Das Verfahren zur Auswahl von Justizbeamten im preußischen Justizdienst umfaßte damit spätestens seit 1755 bis zu drei Stufen bzw. staatliche Prüfungen: Nach der Annahme eines studierten und examinierten Juristen zum Auskultator an einem Gericht aufgrund vorheriger (Auskultatoren-)Prüfung folgte nach etwa einjährigem Dienst bei fachlicher Eignung und entsprechender (Referendars-)Prüfung die Übernahme als (unbesoldeter) Referendar an diesem Gericht. Nach mindestens fünfjährigem Referendariat konnte sodann, als Voraussetzung für den Eintritt in ein oberes oder oberstes Gericht, eine (Assessor-)Prüfung vor der neugegründeten Justizexaminationskommission in Berlin folgen. Für den Eintritt in Untergerichte (Stadtgerichte, Gutsgerichte o.ä.) war diese letzte Prüfung hingegen nicht erforderlich, wohl aber seit 1780 das Ableisten des Referendariats.

Eine eingehende Darstellung der verwaltungs- und sozialgeschichtlichen Implikationen dieser Formalisierung des Ausbildungs- und Auswahlprozesses im Justizwesen ist hier nicht zu leisten. Gleichwohl sei darauf hingewiesen, dass die Gründung der Justizexaminationskommission 1755 direktes Vorbild für die Gründung der Oberexaminationskommission bzw. Prüfungskommission für höhere Verwaltungsbeamte (Bestand GStA PK, I. HA Rep. 125) war, durch deren Einrichtung die Prüfungslaufbahn für die höheren Verwaltungsbeamten in Preußen ähnlich geregelt wurde wie diejenige der richterlichen Juristen. Wie die Justizprüfungskommission aus Richtern des [Ober-] Tribunals und des Kammergerichts zu Berlin besetzt wurde, so wurden zur Besetzung der Oberexaminationskommission Geheime Räte des Generaldirektoriums bestellt. Im 19. Jahrhundert wurden auch Richter anderer oberster Gerichte und hohe Ministerialbeamte - fast ausschließlich nebenamtlich - als Mitglieder der Kommission berufen. Sie ressortierte seit ihrer Gründung beim Justizministerium.

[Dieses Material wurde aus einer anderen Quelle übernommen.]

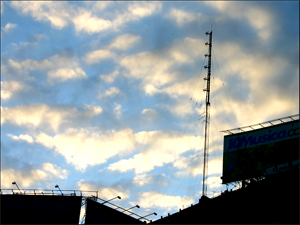 Antena en la Av. 9 de Julio y la Av. Crdoba bajo un cielo que presagia lluvia.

Durch Gesetz vom 6. Mai 1869 vergrößerte sich das Aufgabengebiet der (jetzt:) Justizprüfungskommission beträchtlich. War bislang das Examen vor der Kommission nur zur Erlangung einer Stelle bei einem der oberen oder obersten Gerichte der Monarchie erforderlich, so mußte sich von nun an jeder Referendar, der in Preußen Richter, Staatsanwalt, Rechtsanwalt oder Notar werden wollte, nach der 1. (Referendars-)Prüfung vor einem Appellationsgericht, die das Studium abschloß, im Anschluß an das obligatorische Referendariat der 2. juristischen, sogenannten "Großen Staatsprüfung" in Berlin stellen. Das Auskultorat mit zugehöriger Aufnahmeprüfung wurde damit abgeschafft. Damit verbunden war für die Justizprüfungskommission ein weiteres Anwachsen der Prüfungszahlen (1797: 350 Prüfungen; 1897: 8606 Prüfungen).
Nach der neuen Ausbildungsordnung vom 11. August 1923, die am Charakter der 2. juristischen Staatsprüfung nichts änderte, wurde die Justizprüfungskommission in das Juristische Landesprüfungsamt umbenannt. Durch Erlass vom 21. September 1934 schließlich wurde das Reichsjustizprüfungsamt gegründet; das preußische Juristische Landesprüfungsamt ging in dieser Reichsbehörde auf.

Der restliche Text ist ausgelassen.